Record Details

Title Enhanced Geothermal Systems (EGS) with CO2 as Heat Transmission Fluid - A Scheme for Combining Recovery of Renewable Energy with Geologic Storage of CO2
Authors Karsten Pruess and Nicolas Spycher
Year 2010
Conference World Geothermal Congress
Keywords EGS-CO2, reservoir development, heat transfer, numerical simulation, carbon storage
Abstract It has been suggested that enhanced geothermal systems (EGS) may be operated with supercritical CO2 instead of water as heat transmission fluid (D.W. Brown, 2000). Such a scheme could combine recovery of geothermal energy with simultaneous geologic storage of CO2, a greenhouse gas. At geothermal temperature and pressure conditions of interest, the flow and heat transfer behavior of CO2 would be considerably different from water, and chemical interactions between CO2 and reservoir rocks would also be quite different from aqueous fluids.

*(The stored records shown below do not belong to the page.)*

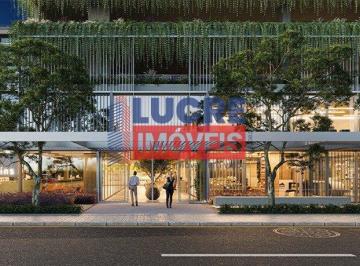 Comercial · Comercial à venda - em Expedicionários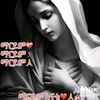 user8322367084220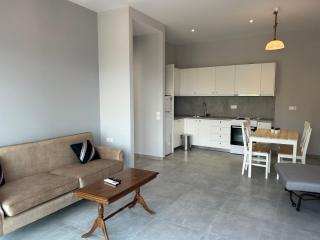 Argo Summer Apartment - 7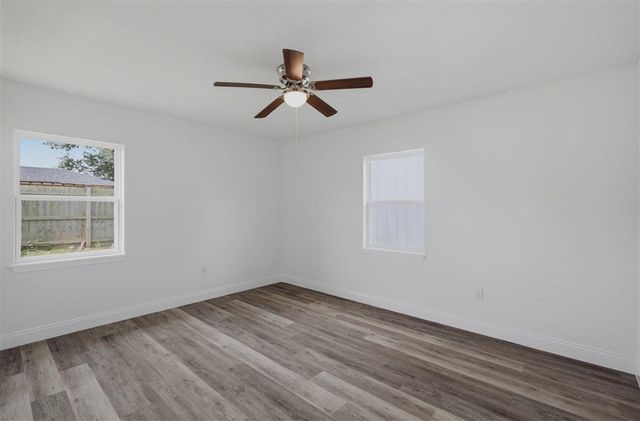 1207 Matilda Street, Westlake, LA 70669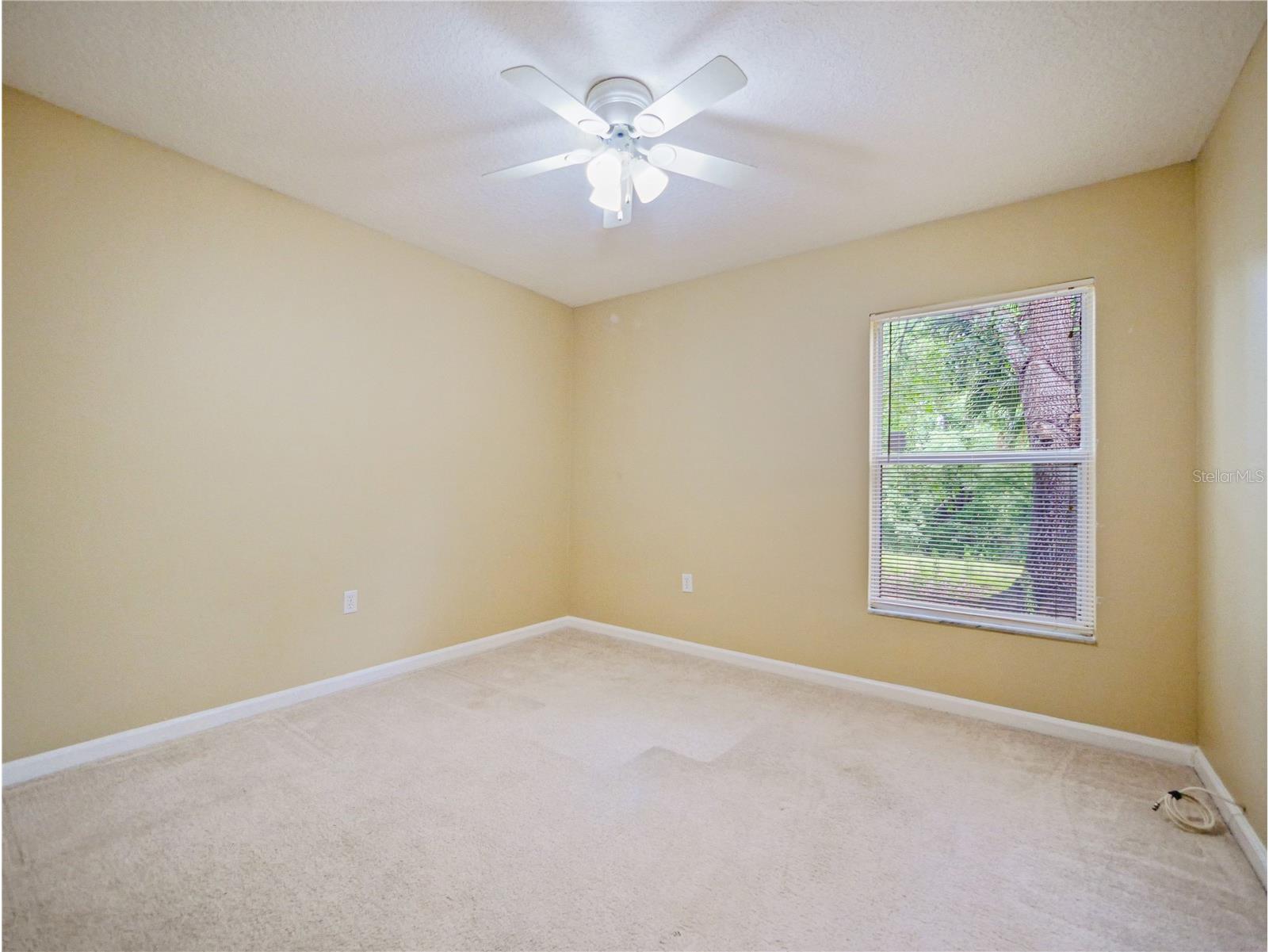 2926 Egrets Landing Drive Lake Mary FL 32746 O6412618 image19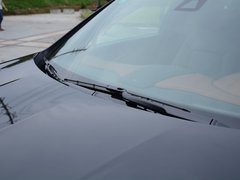 2017款 2.7T 四驱总统版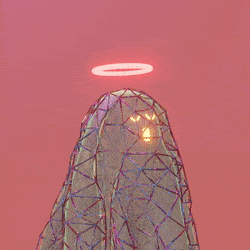 3d_ghost: 3145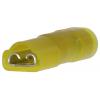 Molex 19600-1304 1 ks Bag Molex 19600-1304 1 ks Bag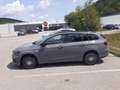 Fiat Tipo Fiat Tipo 1,6 MultiJet-120 S-Design im Topzustand Grau - thumbnail 2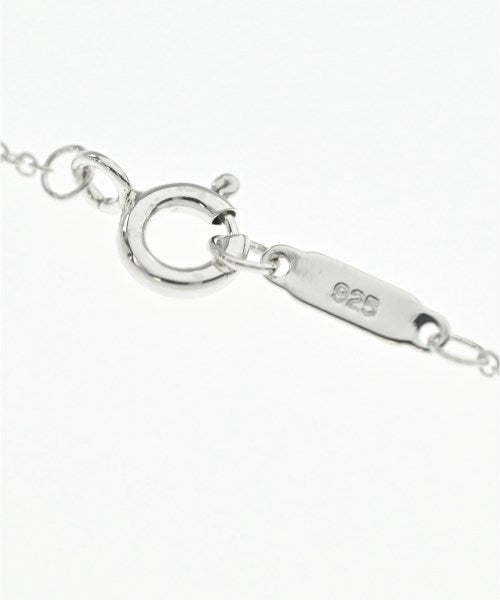 TIFFANY & CO. สร้อยคอ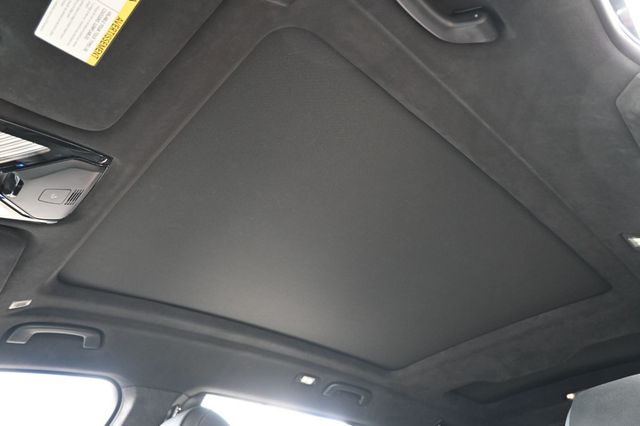 2022 BMW X7 xDrive40i Sports Activity Vehicle - 23102286 - 17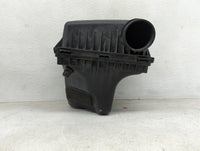 2005-2010 Chrysler 300 Air Cleaner Intake-duct Hose Tube 1411365 - Oemusedautoparts1.com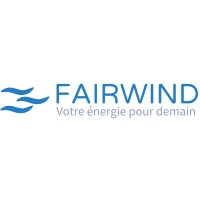Fairwind S.A. logo - Similar company to Blade-Pro Service Llp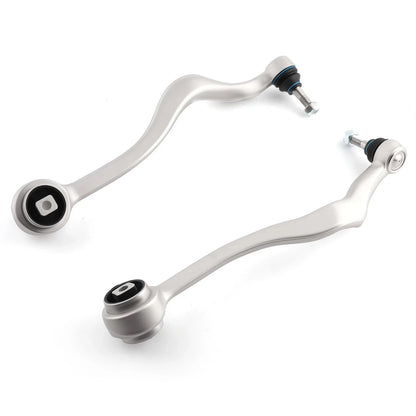 Control Arm Pair for BMW 528i (1997–2000) E39 Model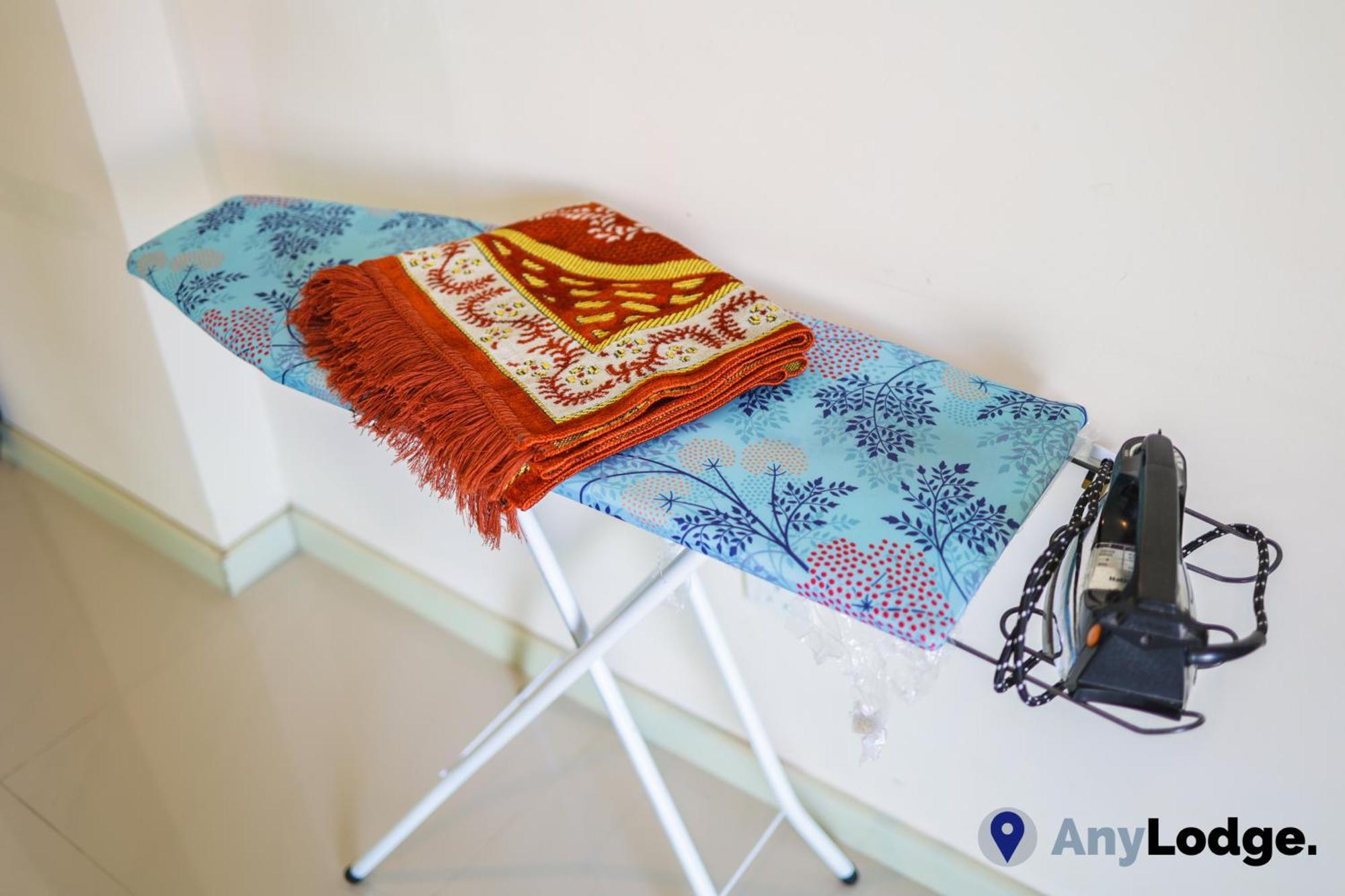 Anylodge Waterfront Marina Island Pangkor Lumut Δωμάτιο φωτογραφία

This paper summarizes our research to date into fluid flow and heat transfer aspects of operating EGS with CO2. (Chemical aspects of EGS with CO2 are discussed in a companion paper; Xu and Pruess, 2010.) Our modeling studies indicate that CO2 would achieve heat extraction at larger rates than aqueous fluids. The development of an EGS-CO2 reservoir would require replacement of the pore water by CO2 through persistent injection. We find that in a fractured reservoir, CO2 breakthrough at production wells would occur rapidly, within a few weeks of starting CO2 injection. Subsequently a two-phase water-CO2 mixture would be produced for a few years, followed by production of a single phase of supercritical CO2. Even after single-phase production conditions are reached, significant dissolved water concentrations will persist in the CO2 stream for many years. The presence of dissolved water in the production stream has negligible impact on mass flow and heat transfer rates.